Amidst the uncertainty, it is clear that employers will see premium increases in 2014 when PPACA is fully implemented. While there are a variety of options to mitigate PPACA’s cost impact, employers must be mindful of employment law and ERISA implications when making such changes. Preplanning is essential. Employers considering workforce realignment, reduction in work-force, or benefit modifications should be discussing approaches with their consultants and advisors now. Proper compliance will likely require implementing certain changes in 2013 in order to satisfy any applicable “look-back” period requirement for 2014.
Wallace Welch & Willingham remains your committed partner
in PPACA compliance and looks forward to working with
each client on proper PPACA planning and strategy.
Some next steps Employers need to be thinking about:
1). Review your benefit offerings to make sure they meet the guidelines of essential coverage.
2). Watch your mail for notice of the MLR rebate and determine how you will distribute if your
3). Confirm with your carrier that your plan has been amended to comply with the Women’s Preventive Care provisions. Must comply as plans renew beginning 8/1/12.

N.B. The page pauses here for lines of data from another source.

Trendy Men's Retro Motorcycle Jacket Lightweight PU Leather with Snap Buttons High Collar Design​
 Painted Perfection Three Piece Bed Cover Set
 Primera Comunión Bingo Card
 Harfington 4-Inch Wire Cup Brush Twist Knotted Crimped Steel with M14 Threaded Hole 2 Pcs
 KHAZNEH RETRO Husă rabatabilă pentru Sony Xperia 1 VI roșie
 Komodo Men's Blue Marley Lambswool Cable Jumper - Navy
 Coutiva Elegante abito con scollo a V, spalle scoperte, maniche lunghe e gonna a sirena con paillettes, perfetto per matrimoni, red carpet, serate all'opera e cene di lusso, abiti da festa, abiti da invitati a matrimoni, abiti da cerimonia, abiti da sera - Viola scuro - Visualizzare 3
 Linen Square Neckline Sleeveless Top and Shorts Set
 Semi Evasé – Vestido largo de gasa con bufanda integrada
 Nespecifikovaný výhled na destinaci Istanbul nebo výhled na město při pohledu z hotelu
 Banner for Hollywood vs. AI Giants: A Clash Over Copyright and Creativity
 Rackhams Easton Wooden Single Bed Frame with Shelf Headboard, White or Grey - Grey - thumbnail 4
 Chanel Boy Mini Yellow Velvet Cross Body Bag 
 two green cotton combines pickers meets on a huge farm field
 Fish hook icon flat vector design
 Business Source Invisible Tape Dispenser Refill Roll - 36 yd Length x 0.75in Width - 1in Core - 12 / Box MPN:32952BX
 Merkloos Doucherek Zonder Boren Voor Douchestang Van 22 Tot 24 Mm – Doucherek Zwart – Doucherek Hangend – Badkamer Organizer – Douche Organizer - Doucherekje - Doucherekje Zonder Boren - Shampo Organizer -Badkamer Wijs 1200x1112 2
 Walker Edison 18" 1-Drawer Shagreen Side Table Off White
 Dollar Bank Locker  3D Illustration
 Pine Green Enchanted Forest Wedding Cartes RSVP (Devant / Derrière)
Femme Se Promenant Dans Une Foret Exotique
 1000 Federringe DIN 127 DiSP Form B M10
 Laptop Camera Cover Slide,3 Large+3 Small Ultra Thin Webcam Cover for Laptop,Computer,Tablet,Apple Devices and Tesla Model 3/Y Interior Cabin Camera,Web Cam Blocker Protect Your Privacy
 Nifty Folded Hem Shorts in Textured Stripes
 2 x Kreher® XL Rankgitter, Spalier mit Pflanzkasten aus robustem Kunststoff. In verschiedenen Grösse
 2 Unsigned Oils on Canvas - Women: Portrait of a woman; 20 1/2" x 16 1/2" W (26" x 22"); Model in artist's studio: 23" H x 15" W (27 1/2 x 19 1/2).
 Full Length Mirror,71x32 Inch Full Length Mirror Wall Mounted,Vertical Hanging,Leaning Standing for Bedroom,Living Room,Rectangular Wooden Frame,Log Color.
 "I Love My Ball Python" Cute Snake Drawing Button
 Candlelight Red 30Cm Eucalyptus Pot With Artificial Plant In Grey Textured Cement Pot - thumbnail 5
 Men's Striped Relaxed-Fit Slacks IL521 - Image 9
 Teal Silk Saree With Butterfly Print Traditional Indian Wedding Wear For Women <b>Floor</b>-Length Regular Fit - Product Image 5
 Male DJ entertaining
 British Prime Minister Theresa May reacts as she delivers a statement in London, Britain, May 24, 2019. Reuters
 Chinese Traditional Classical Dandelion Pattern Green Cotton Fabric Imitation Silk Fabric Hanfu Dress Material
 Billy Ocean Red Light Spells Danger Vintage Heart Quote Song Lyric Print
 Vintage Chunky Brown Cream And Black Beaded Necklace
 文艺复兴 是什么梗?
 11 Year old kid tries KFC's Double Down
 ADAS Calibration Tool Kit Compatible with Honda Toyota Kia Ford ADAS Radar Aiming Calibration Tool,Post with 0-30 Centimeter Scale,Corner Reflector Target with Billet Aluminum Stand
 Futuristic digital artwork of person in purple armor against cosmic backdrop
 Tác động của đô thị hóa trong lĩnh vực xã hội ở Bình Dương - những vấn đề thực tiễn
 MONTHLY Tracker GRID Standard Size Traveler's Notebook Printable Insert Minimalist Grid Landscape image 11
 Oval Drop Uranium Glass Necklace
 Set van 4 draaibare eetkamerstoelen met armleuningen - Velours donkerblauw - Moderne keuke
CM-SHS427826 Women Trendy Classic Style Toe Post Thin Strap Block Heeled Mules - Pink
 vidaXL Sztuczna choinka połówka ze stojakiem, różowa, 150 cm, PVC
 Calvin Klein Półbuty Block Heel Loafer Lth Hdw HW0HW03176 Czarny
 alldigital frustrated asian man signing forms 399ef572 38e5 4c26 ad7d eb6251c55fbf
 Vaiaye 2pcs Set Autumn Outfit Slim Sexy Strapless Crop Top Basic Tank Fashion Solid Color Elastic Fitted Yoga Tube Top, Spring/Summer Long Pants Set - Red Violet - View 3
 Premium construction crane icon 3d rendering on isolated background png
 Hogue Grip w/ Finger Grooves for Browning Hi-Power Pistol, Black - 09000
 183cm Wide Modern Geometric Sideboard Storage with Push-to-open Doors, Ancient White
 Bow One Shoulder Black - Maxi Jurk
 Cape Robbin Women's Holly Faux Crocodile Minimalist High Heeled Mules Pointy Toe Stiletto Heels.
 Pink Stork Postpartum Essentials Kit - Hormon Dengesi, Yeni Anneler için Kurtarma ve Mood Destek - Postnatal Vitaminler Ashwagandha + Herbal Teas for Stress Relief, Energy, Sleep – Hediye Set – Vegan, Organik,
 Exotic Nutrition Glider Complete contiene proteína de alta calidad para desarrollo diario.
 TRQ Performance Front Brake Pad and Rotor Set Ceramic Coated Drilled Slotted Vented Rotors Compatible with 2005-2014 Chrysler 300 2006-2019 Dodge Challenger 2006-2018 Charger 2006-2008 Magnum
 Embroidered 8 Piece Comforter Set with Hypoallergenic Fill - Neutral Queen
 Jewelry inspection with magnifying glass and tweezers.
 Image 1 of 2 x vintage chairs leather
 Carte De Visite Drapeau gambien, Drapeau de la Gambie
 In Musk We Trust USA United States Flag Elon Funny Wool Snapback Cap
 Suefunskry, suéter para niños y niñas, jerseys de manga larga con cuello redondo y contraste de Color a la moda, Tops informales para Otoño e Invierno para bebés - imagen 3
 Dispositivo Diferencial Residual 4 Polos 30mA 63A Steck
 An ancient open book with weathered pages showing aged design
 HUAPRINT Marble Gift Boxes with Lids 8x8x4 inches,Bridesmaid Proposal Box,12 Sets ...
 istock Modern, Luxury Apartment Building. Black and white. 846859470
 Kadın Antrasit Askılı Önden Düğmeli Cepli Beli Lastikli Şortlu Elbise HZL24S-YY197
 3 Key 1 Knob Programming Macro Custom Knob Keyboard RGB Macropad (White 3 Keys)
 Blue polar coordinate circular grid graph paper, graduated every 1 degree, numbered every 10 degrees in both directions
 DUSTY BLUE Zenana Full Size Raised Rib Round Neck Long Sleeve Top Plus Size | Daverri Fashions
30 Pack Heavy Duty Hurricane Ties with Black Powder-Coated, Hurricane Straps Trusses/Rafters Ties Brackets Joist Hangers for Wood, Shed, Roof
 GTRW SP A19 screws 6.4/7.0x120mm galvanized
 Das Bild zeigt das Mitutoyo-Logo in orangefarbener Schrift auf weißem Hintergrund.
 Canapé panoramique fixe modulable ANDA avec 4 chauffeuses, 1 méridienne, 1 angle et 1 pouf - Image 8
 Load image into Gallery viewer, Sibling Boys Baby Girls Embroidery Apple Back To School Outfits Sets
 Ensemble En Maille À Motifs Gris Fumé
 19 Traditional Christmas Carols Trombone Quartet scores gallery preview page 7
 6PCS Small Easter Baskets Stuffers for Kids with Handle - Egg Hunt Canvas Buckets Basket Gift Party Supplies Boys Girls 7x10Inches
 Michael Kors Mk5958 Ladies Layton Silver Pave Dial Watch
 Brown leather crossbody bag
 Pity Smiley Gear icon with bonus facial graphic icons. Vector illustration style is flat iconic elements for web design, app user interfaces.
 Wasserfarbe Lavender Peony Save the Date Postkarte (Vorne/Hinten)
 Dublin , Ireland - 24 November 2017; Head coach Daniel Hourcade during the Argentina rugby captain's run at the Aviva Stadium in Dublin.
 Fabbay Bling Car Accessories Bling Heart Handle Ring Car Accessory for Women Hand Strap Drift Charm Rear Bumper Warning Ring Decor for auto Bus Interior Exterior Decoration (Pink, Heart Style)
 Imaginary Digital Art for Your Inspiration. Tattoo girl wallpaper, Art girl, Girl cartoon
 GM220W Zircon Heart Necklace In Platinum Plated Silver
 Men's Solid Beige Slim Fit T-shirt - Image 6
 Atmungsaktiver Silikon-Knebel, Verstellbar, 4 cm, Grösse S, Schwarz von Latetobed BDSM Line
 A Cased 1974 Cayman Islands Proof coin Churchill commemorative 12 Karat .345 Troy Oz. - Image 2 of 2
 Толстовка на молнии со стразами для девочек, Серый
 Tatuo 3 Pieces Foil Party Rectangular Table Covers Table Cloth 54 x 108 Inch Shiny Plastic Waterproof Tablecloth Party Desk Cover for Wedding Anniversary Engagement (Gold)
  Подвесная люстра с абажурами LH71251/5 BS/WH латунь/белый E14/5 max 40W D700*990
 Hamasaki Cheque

4.) Be on the lookout for your new Summary of Benefits and Coverage. Carriers are required to provide these for open enrollments/plan years beginning 9/23/12.
5.) If you have a Flexible Spending Account (FSA) you will need to check the allowable maximum. It is now restricted to $2,500 per person up to $5,000 per family.
6.) Employers who submit 250 or more W2 for 2012 must include the value of health care coverage in box 12 on employees W2. Check with your payroll vendor to make sure this amount can be tracked and reported.
Looking further ahead 2014 marks the deadline for many of the major provisions in Obama Care. Individual mandates begin, wellness initiatives are strengthened, automatic enrollment is mandated, waiting periods are restricted, penalties for NOT providing coverage begin, exchanges roll out, pre-existing provisions are eliminated and premium subsidies for lower income individuals become available.
Wallace Welch and Willingham is monitoring the events as they unfold and will keep you up to date on steps towards compliance. We welcome your questions and will be happy to assist.
This legislation still has many voids and unanswered issues. We anticipate seeing significant clarification and revision. The 2012 presidential election could also have significant impact on the Affordable Care Act. So, for some employers “wait and see” may still be the best next step.